Why did Gourmand go away? Apparently, we didn't buy enough. Two owners behind the counter told me why Gourmand changed. One was a clean-cut fellow identified by the other as the owner of the late Gourmand's sister, Filter. It went something like, people sat around Gourmand for three hours and just ordered a cup of coffee. After asking how that differs from Filter, where people seem to sit around a lot, too, the answer was simply that we buy more at Filter. Ironically, in case you haven't heard, Filter is closing, too.
Judging solely by the one item I've ordered at Café Mediterra, I would rather have spent it on Gourmand's hearty and tangy black bean burger - which you can still, last I checked, get at Filter. Instead, I ordered a sandwich with nicely thin and tender potato slices and soft and roasted cauliflower. But the sandwich was thin. Sure, I did change it up from pita bread to panini bread. And one of the owners did oddly warn me that results could be unexpected with a different bread. But it was still a $7 sandwich, and I only tasted a hint of the garlic lemon vinaigrette that the menu promises. I didn't see any of the menu's promised roasted red pepper and cilantro, either. I'd still be curious to try the roasted red pepper hummus wrap, falafel or lentil soup - but only if I was already on the block for a visit to the quaint Sandmeyer's Bookstore.

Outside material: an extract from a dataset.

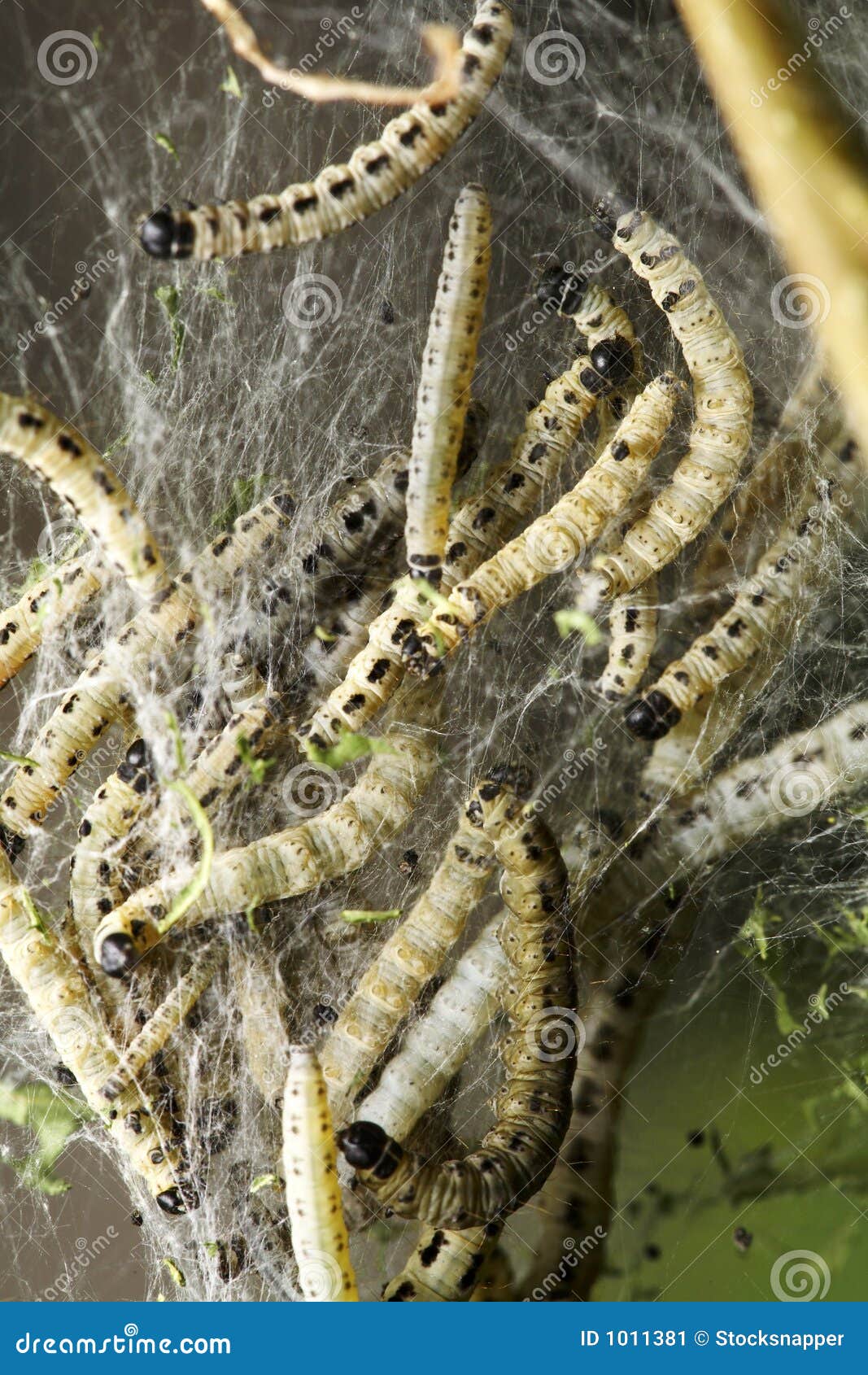 BirdCherry moth larvae stock image. Image of lepidoptera 1011381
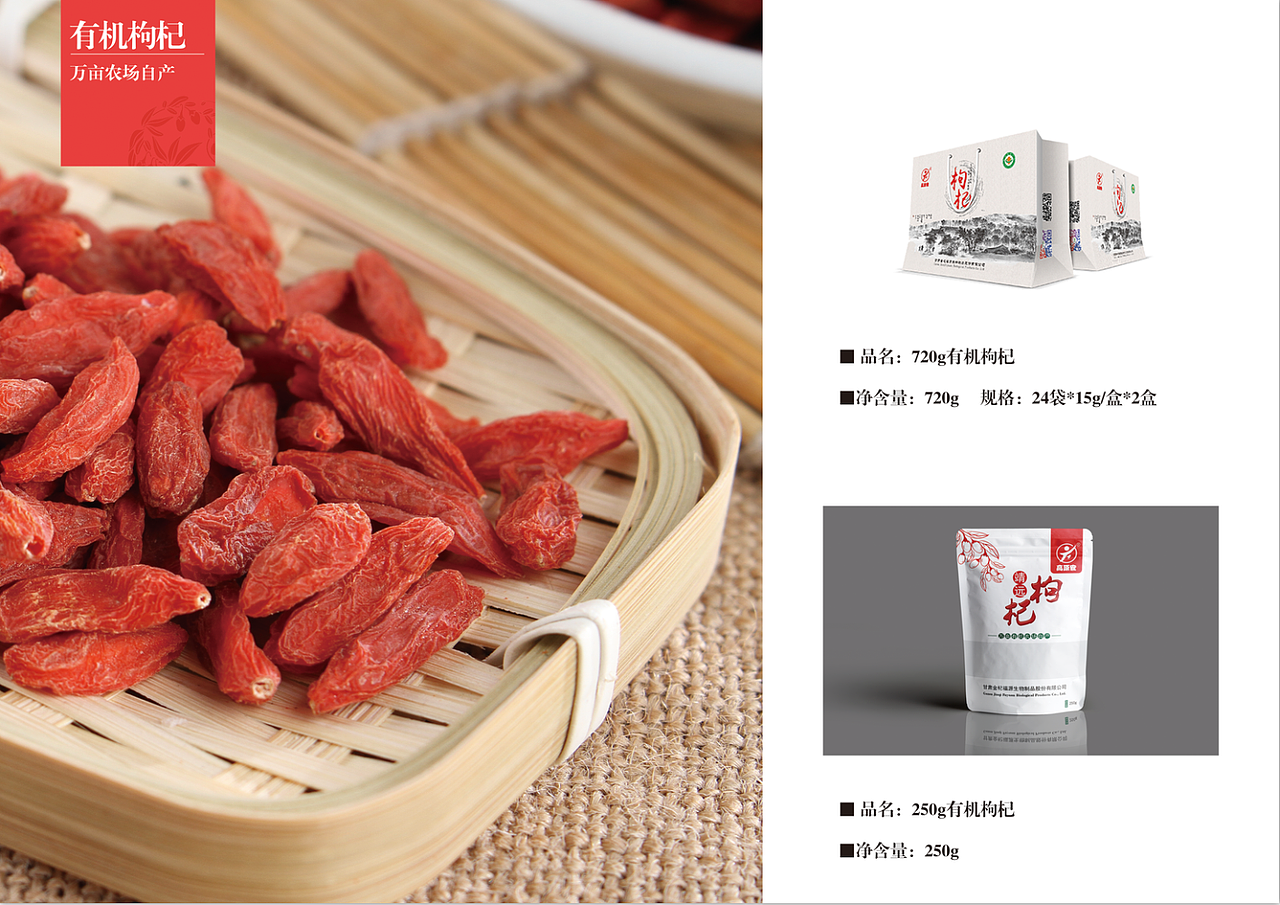 企业画册（图ZMTY3NzY1NjY0） - 书籍/画册 - 站酷设计师张若影丶原创素材 - 站酷ZCOOL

The lure of a funky haven called Gourmand is dead.
On my way back to the Loop, I rolled into Intelligentsia Coffee on Jackson for a second cup of the nectar they magically squeeze from their beans. The brilliant operation they have going refreshed me. Classy marble-topped and ornate metal-bottomed tables with dark wood trip on the walls enhance the place, and align well with the historic Monadnock Building they are part of. The courteous and all-business but fun baristas thump some pretty groovy tunes, too.